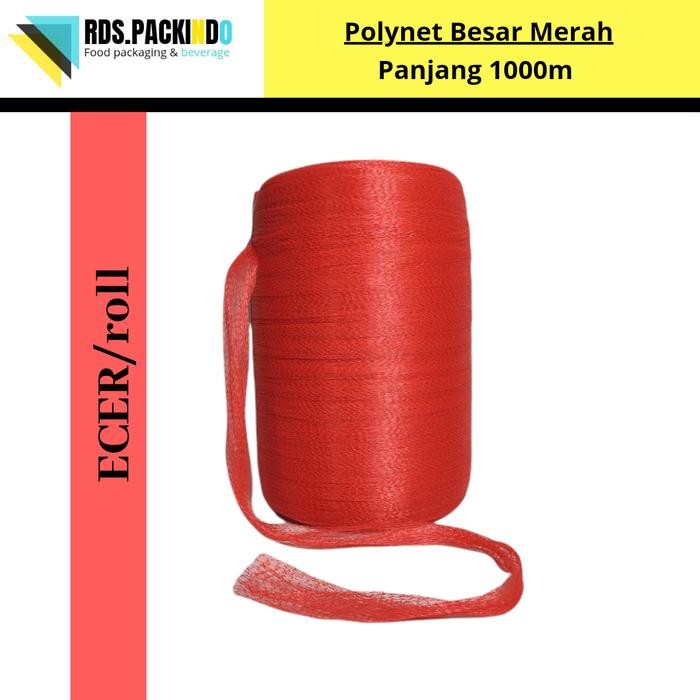 NEW POLYNET ROLL MERAH BESAR JARING BUAH SAYUR // ECERAN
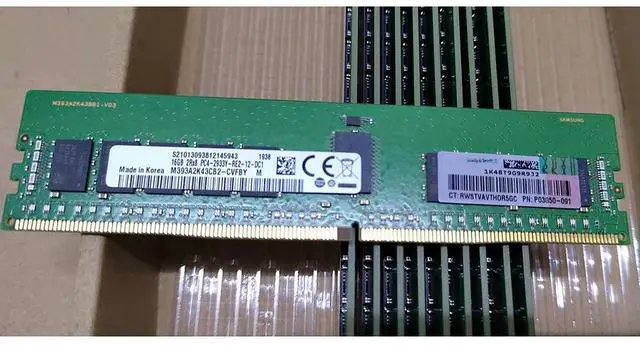 Alt view image 3 of 4 - 1pcs For RAM P00922-B21 P03050-091 P06188-001 16GB Memory 16G 2Rx8 DDR4 2933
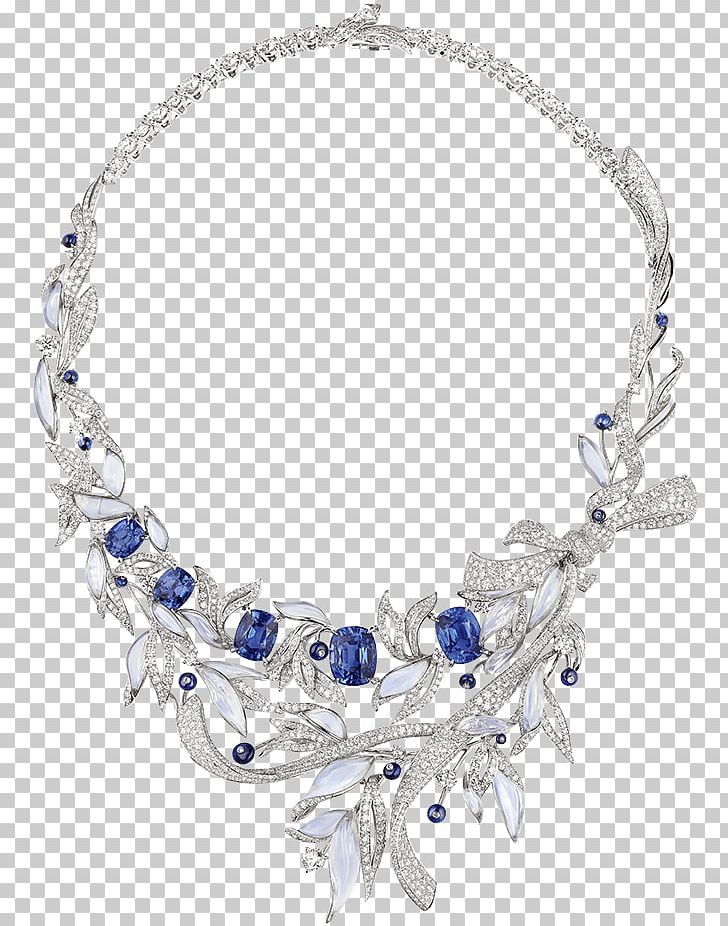 Necklace Chaumet Jewellery Sapphire Gemstone PNG, Clipart, Blue, Body Jewelry, Carat, Chain, Chaumet Free PNG Download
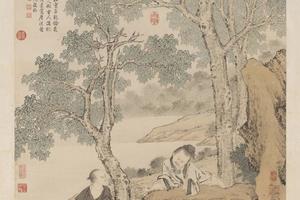 采兰图高宗御题轴
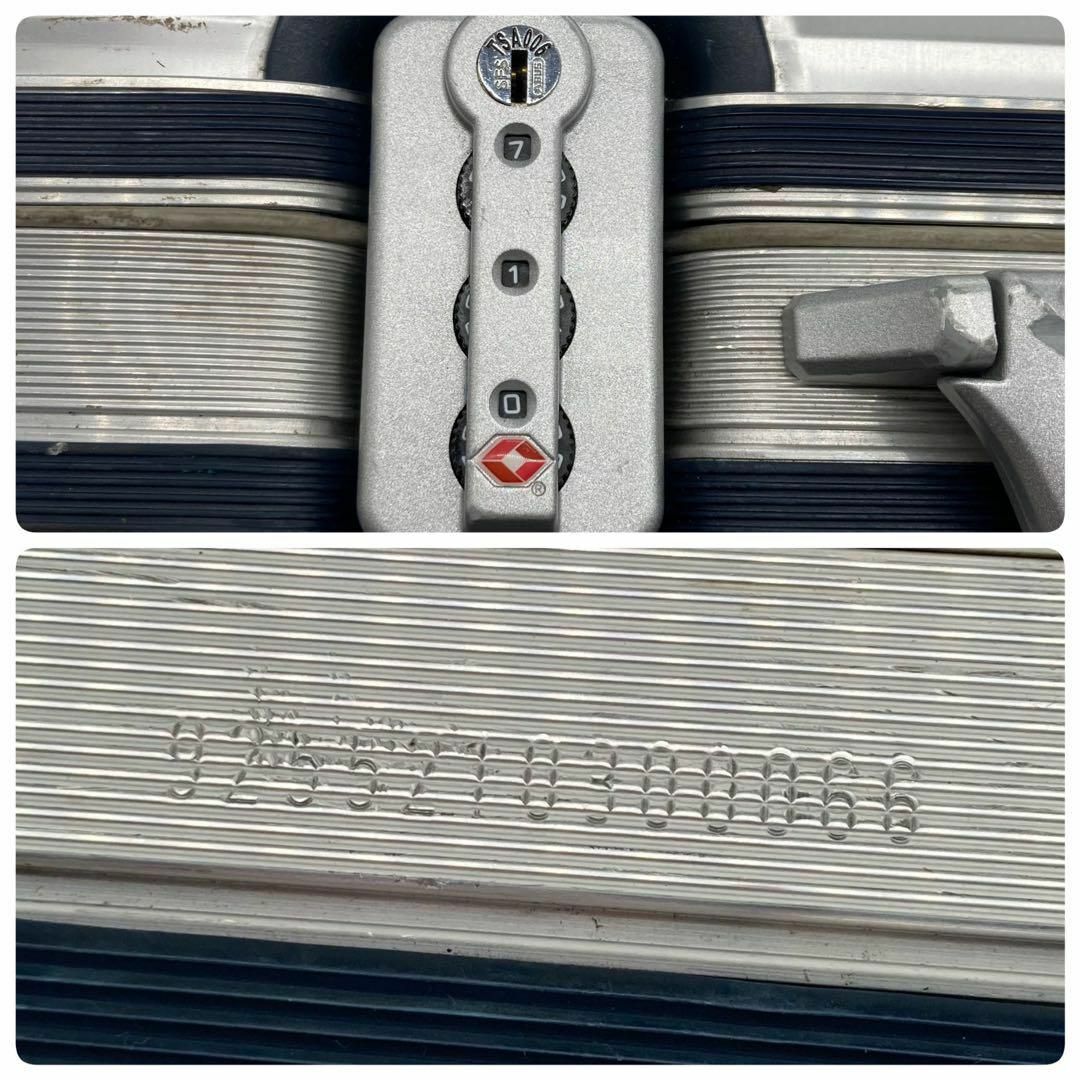 RIMOWA - RIMOWA キャリーケース 2輪 トパーズ アルミ RIMOWA - RIMOWA キャリーケース 2輪 トパーズ アルミ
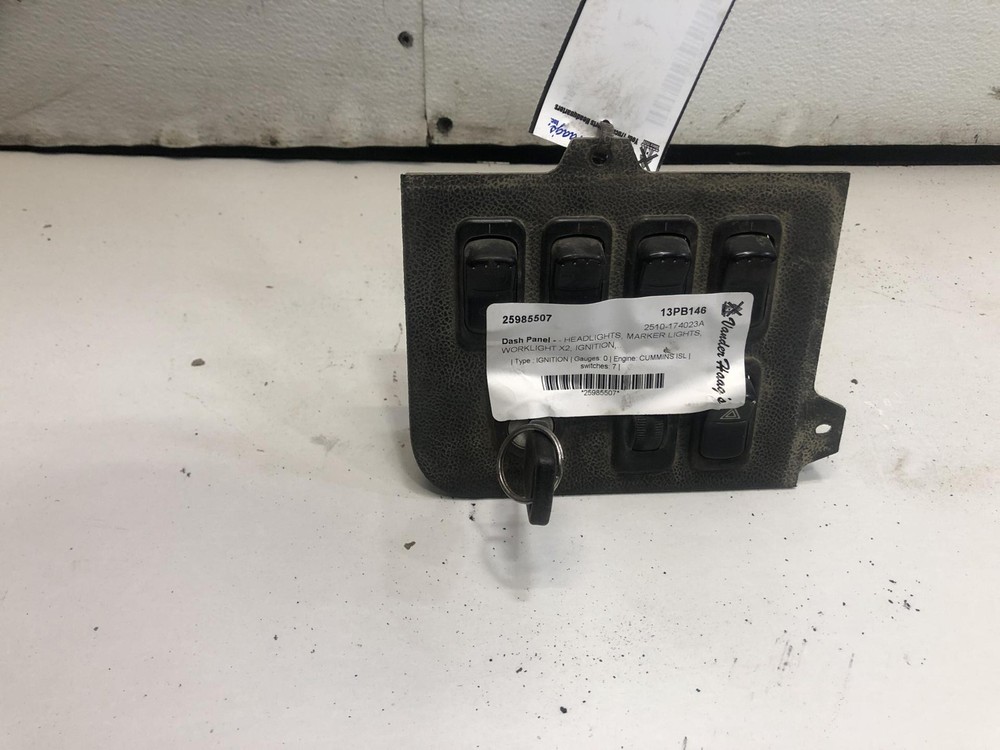 2008-2027 Peterbilt 365 IGNITION Dash Panel - Used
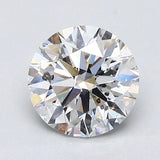 1 Carat Round Round - Natural Diamond - 1.3 - E - SI2 - EX - EX - EX - Diamonds By Rothschild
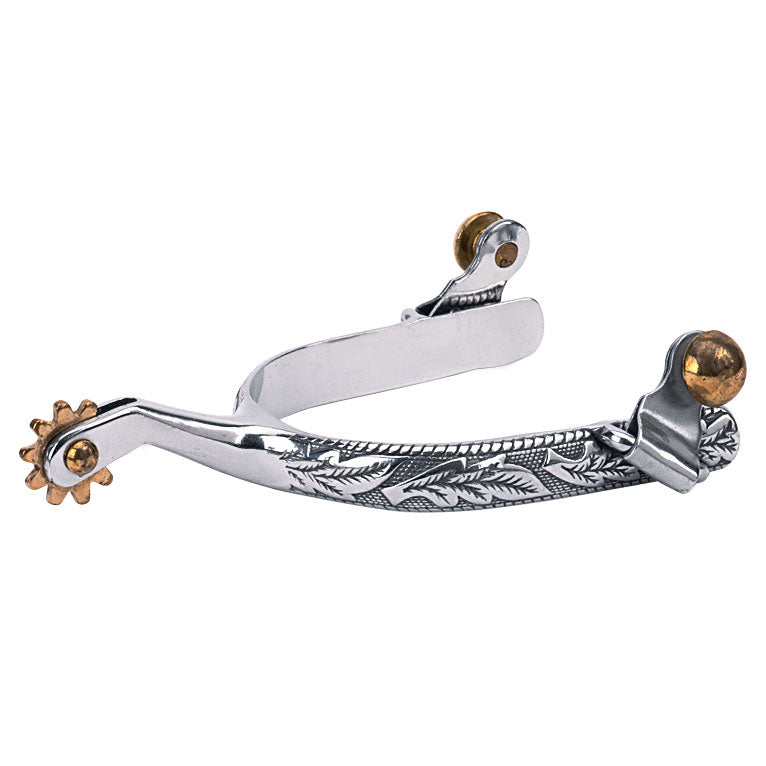 Weaver Engraved Band Men's Roping Spurs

• **To do**
The expected result is the data above in exact form, free of pictures.

• **Result of the task**
 NEW POLYNET ROLL MERAH BESAR JARING BUAH SAYUR // ECERAN
 Alt view image 3 of 4 - 1pcs For RAM P00922-B21 P03050-091 P06188-001 16GB Memory 16G 2Rx8 DDR4 2933
 Necklace Chaumet Jewellery Sapphire Gemstone PNG, Clipart, Blue, Body Jewelry, Carat, Chain, Chaumet Free PNG Download
 采兰图高宗御题轴
 RIMOWA - RIMOWA キャリーケース 2輪 トパーズ アルミ RIMOWA - RIMOWA キャリーケース 2輪 トパーズ アルミ
 2008-2027 Peterbilt 365 IGNITION Dash Panel - Used
 1 Carat Round Round - Natural Diamond - 1.3 - E - SI2 - EX - EX - EX - Diamonds By Rothschild
 Weaver Engraved Band Men's Roping Spurs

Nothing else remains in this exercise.